- **ACTIVITY**: None of the pictures should appear; the lines from the line containing "Yellow Warbler" through the last line of the listing must be repeated exactly.
►
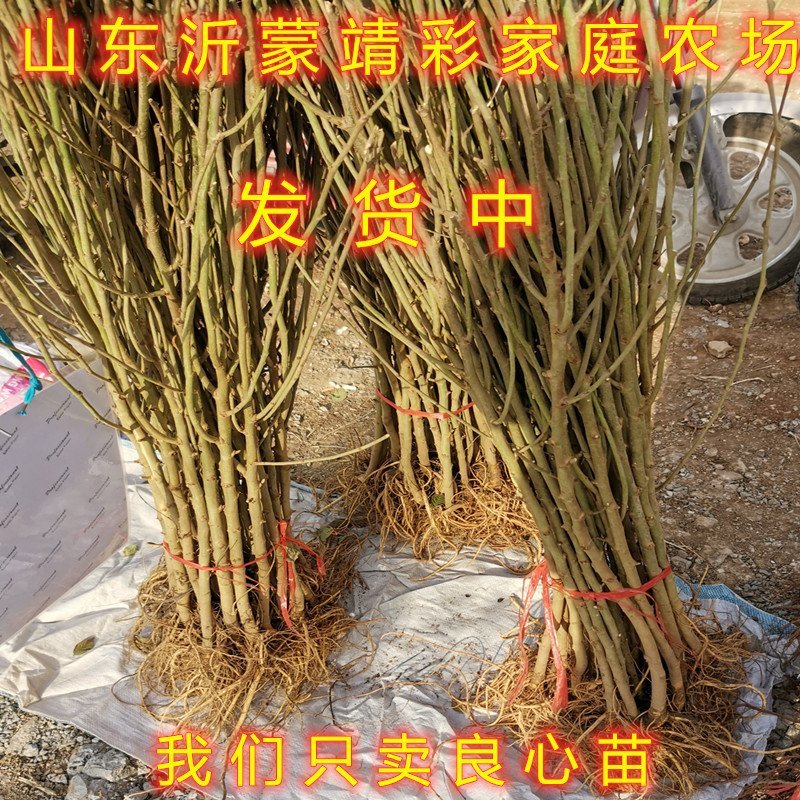 红果3号桑树苗桑椹子树苗新品种桑椹苗南北种植果树苗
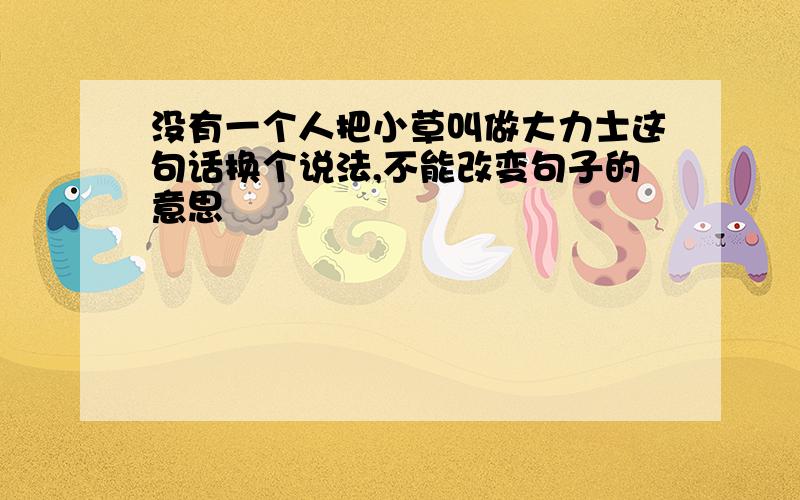 没有一个人把小草叫做大力士这句话换个说法,不能改变句子的意思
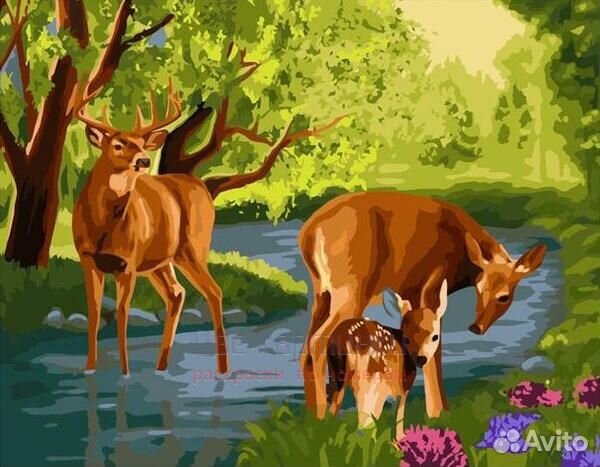 Картина по номерам 40x50 Молодые олени на водопое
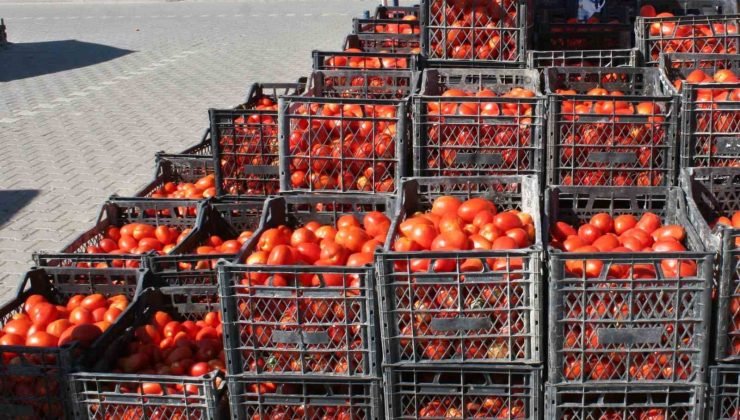 (ÖZEL) Salçalık domatesler görücüye çıktı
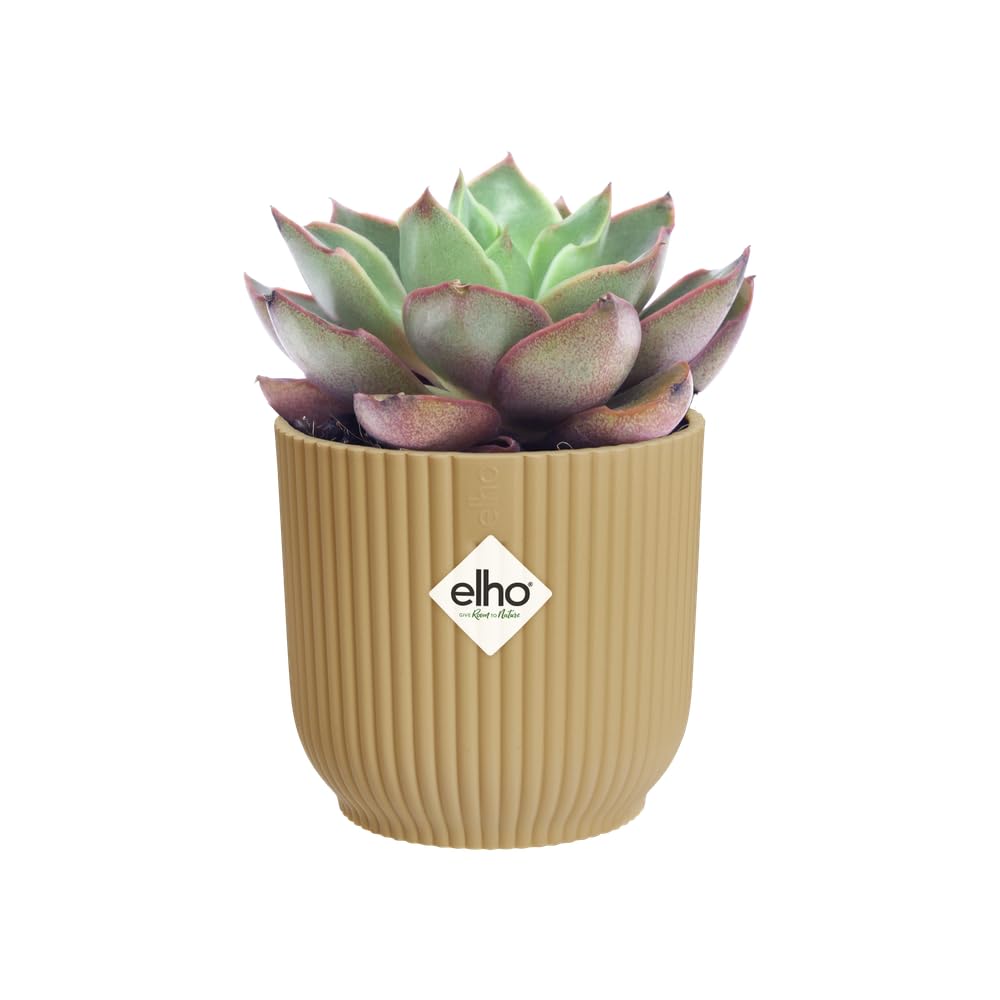 elho-vibes-fold-rond-mini-7cm-pot-jaune-beurre-7-x-h-6-5-cm image 8
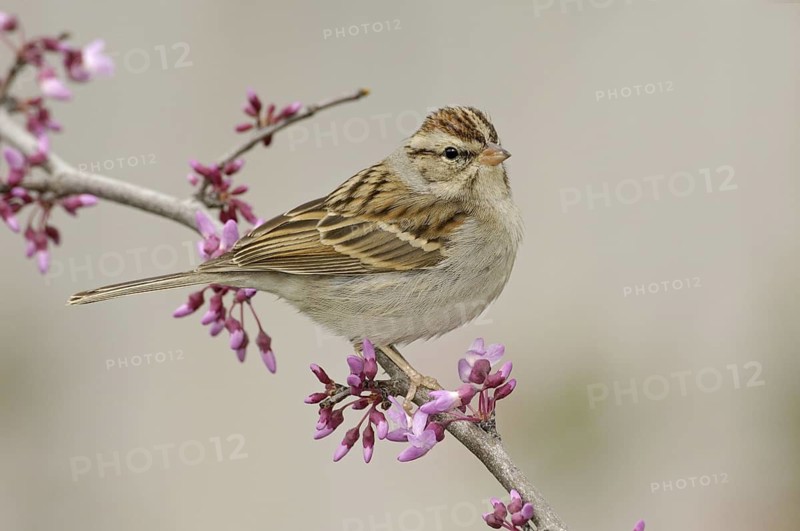 Chipping Sparrow (Spizella passerina), Texas, USA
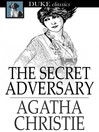 The Secret Adversary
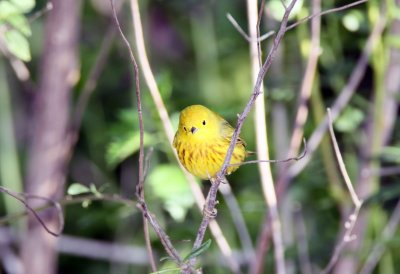 Yellow Warbler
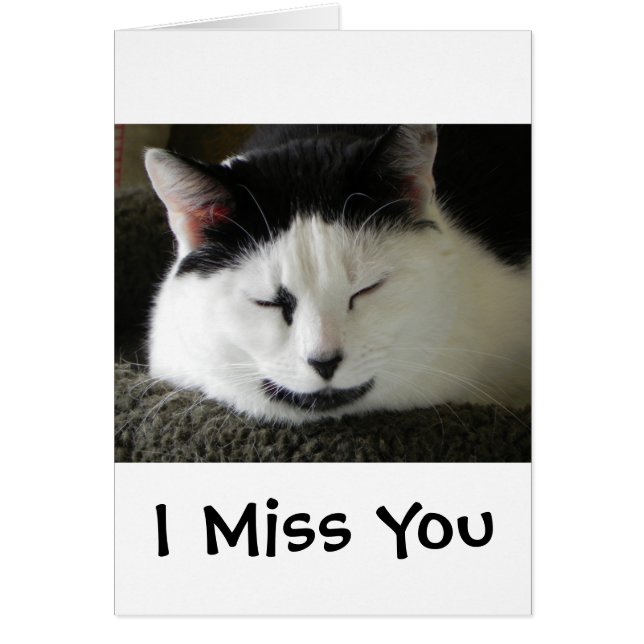 Black and White Cat Humour (Front)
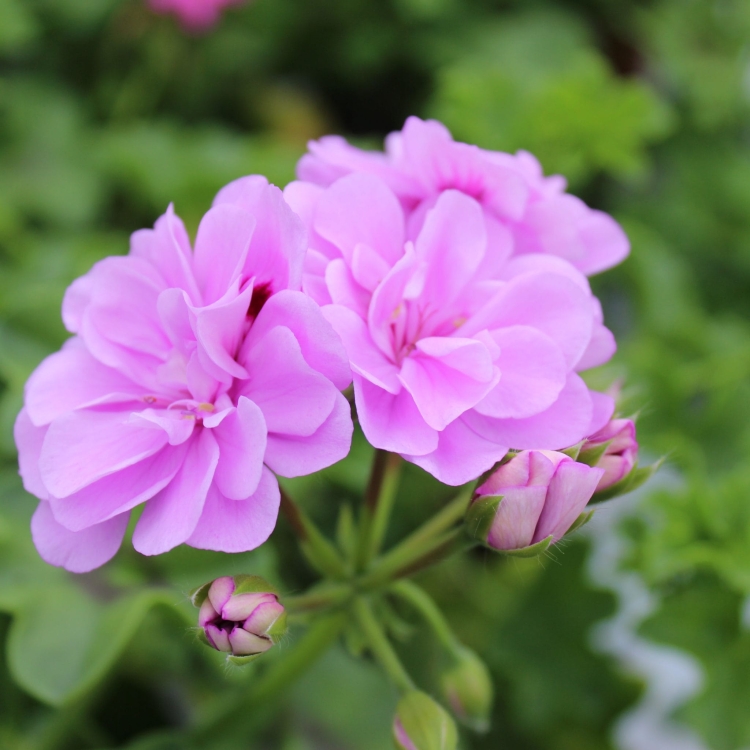 Pelargonia Rabatowa Greta C12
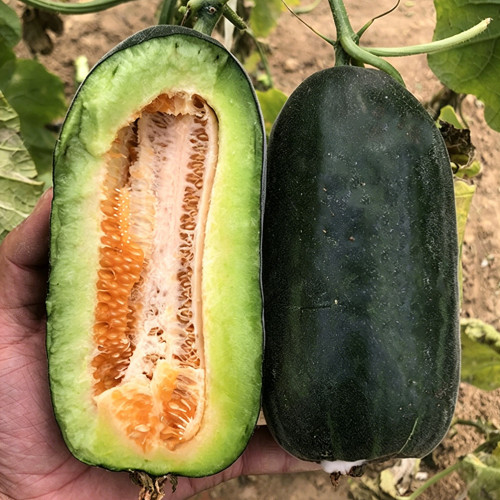 Little Darling Melon Seeds – High Yield, Easy to Grow, Strong Adaptability, Suitable for All Growers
◄
- **TASK ANSWER**:
 Yellow Warbler
 Black and White Cat Humour (Front)
 Pelargonia Rabatowa Greta C12
 Little Darling Melon Seeds – High Yield, Easy to Grow, Strong Adaptability, Suitable for All Growers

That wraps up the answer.